Sonbaharın içindeyiz. Artık havalar günden güne soğuyor, yağışlar başlıyor.

Havaların soğumasıyla birlikte sıcak içeceklere daha fazla yöneliyoruz

Yazın içtiğimiz o soğuk içecekler kışın çok ilgimizi çekmiyor

Bağışıklığımız için de kendimizi hafif kırgın hissettiğimizde bitki çaylarına yöneliyoruz. Özellikle hemen ilaç içmeyi sevmeyen insanlar bitki çaylarının doğal gücüne inanıyor.

Ihlamur, nane, kuşburnu ve daha birçoğu…

Ama şunu unutmamakta fayda var. Bitki çaylarının demlenme şekilleri farklılık gösteriyor.

Bitkilerin kökleri gibi sert olan kısımları kaynatma yöntemiyle hazırlanmalıdır. Yaprakları gibi yumuşak olan dokuları ise demleme yöntemiyle hazırlanmalıdır.

Bitkilerin çok fazla kaynar suda beklemesi iyi değildir.

En önemlisi de her defasında taze olarak tüketmek gerekir. O yüzden tek seferde kocaman hazırlamak yerine içeceğiniz kadar hazırlamakta fayda var.

Bazen ne kadar demleme yöntemleri farklılık gösterse de yalan yok ne bulursam atıp kaynatıp içtiğim oluyor. Büyük ihtimalle yanlış yapıyorum ama tadını seviyorum. Siz bana uymayın her bitkiyi araştırıp ona göre demleyin.

Faydası olan bir şeyi zarara dönüştürmeyelim…

Gerçi bu sene maske takmaktan mıdır nedir bilmem ama henüz grip ya da soğuk algınlığı yaşamadım.

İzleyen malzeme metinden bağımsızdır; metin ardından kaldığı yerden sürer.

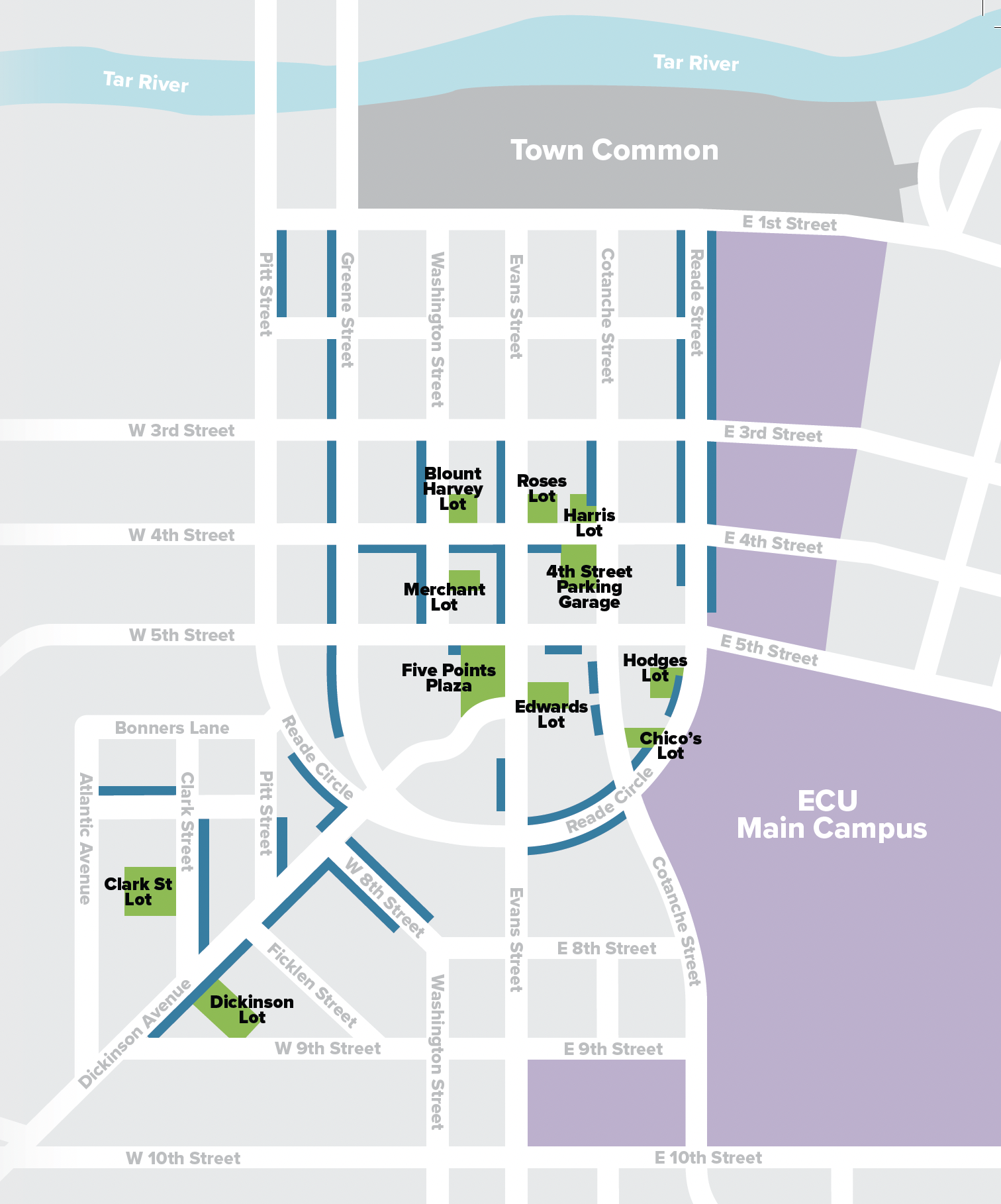 Map of parking lots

Bu nedenle ilk bitki çayımı henüz demlemedim.

Ufak bir boğaz ağrısı ya da kırgınlık hissetsem ilk işim bitki çayı demlemek olacak.

Siz bitki çaylarını araştırıp mı demliyorsunuz yoksa kendinize göre bir yönteminiz mi var?

Yine de uzmanlara kulak vermekte fayda var bu sene tüm çayları kuralına göre demlemeye karar verdim.